[Exercise instructions]
Make an exact copy of the lines starting at the top of the listing below and ending at the line that contains "Heavy-Duty View Binder", inclusive.

[Dataset excerpts]
-- Opening Marker --

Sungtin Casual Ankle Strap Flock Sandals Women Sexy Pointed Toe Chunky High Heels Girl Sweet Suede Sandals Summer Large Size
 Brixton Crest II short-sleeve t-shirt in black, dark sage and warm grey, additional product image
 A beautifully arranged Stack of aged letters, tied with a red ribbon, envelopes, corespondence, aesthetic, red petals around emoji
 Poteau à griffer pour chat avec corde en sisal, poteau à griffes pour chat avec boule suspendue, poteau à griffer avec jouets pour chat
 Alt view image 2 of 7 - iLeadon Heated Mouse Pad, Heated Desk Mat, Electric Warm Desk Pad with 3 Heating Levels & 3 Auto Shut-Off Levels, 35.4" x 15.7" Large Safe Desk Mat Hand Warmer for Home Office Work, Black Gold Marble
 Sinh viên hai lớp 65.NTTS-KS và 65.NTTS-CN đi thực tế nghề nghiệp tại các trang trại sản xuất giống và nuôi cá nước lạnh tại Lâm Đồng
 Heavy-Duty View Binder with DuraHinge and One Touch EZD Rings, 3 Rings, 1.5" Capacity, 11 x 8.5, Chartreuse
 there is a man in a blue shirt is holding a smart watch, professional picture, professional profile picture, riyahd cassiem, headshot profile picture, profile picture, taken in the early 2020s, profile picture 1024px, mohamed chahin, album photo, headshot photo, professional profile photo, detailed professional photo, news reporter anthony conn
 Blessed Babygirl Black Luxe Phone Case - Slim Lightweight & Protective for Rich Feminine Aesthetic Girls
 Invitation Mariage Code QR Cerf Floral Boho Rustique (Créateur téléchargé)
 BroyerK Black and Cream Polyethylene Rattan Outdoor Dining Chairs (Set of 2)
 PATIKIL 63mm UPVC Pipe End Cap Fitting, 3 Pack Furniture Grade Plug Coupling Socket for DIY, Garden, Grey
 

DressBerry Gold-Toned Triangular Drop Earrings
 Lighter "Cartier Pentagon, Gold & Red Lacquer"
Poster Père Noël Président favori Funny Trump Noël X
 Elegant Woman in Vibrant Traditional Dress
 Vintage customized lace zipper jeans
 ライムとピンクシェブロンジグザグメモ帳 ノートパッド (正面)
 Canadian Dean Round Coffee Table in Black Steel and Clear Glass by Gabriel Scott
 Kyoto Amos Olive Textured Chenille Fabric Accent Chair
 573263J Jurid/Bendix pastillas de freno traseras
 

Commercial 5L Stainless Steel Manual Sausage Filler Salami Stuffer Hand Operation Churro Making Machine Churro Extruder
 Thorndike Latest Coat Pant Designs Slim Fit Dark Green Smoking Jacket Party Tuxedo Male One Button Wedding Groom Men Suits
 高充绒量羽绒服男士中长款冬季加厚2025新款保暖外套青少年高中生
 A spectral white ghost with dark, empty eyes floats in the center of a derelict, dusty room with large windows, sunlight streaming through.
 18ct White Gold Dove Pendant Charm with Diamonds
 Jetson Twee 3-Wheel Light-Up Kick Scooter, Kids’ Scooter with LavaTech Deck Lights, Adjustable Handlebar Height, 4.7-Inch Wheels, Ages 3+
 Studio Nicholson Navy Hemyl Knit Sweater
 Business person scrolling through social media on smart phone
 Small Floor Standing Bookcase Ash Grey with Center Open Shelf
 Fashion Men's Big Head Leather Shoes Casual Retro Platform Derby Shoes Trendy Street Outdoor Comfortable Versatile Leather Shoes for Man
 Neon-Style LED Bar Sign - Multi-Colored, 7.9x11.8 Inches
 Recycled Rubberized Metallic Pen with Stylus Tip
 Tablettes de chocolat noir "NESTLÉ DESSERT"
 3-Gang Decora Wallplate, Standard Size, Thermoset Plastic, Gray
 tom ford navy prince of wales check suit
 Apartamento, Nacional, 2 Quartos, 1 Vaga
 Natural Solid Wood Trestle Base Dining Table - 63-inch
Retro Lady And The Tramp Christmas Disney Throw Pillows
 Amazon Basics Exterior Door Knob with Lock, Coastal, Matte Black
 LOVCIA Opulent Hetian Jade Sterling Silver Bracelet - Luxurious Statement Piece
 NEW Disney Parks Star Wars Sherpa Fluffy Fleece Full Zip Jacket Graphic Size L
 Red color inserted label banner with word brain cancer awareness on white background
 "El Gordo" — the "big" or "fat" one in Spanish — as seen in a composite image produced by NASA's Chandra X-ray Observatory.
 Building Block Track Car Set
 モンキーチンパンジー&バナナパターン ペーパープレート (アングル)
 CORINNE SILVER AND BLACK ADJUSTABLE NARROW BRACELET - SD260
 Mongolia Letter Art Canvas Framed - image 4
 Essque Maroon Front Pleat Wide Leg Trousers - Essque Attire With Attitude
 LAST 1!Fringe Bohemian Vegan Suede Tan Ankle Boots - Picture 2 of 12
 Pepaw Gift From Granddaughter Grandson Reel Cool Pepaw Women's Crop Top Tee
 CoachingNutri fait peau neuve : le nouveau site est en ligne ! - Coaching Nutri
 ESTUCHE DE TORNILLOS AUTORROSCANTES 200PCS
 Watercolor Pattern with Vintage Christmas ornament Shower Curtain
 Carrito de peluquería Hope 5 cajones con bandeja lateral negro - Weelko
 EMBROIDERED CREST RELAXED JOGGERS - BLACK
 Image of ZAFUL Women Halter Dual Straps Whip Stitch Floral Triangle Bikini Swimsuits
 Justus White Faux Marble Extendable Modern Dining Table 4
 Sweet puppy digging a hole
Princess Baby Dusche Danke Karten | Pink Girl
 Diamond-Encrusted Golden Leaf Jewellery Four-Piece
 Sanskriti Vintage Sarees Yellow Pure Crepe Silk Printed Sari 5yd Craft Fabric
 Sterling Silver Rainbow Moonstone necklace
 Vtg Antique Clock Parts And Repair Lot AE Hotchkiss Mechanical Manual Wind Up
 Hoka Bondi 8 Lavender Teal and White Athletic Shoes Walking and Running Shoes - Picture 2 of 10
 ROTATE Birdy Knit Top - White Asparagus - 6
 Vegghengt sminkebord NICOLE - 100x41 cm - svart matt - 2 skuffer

-- Closing Marker --

[Completed task]
Sungtin Casual Ankle Strap Flock Sandals Women Sexy Pointed Toe Chunky High Heels Girl Sweet Suede Sandals Summer Large Size
 Brixton Crest II short-sleeve t-shirt in black, dark sage and warm grey, additional product image
 A beautifully arranged Stack of aged letters, tied with a red ribbon, envelopes, corespondence, aesthetic, red petals around emoji
 Poteau à griffer pour chat avec corde en sisal, poteau à griffes pour chat avec boule suspendue, poteau à griffer avec jouets pour chat
 Alt view image 2 of 7 - iLeadon Heated Mouse Pad, Heated Desk Mat, Electric Warm Desk Pad with 3 Heating Levels & 3 Auto Shut-Off Levels, 35.4" x 15.7" Large Safe Desk Mat Hand Warmer for Home Office Work, Black Gold Marble
 Sinh viên hai lớp 65.NTTS-KS và 65.NTTS-CN đi thực tế nghề nghiệp tại các trang trại sản xuất giống và nuôi cá nước lạnh tại Lâm Đồng
 Heavy-Duty View Binder with DuraHinge and One Touch EZD Rings, 3 Rings, 1.5" Capacity, 11 x 8.5, Chartreuse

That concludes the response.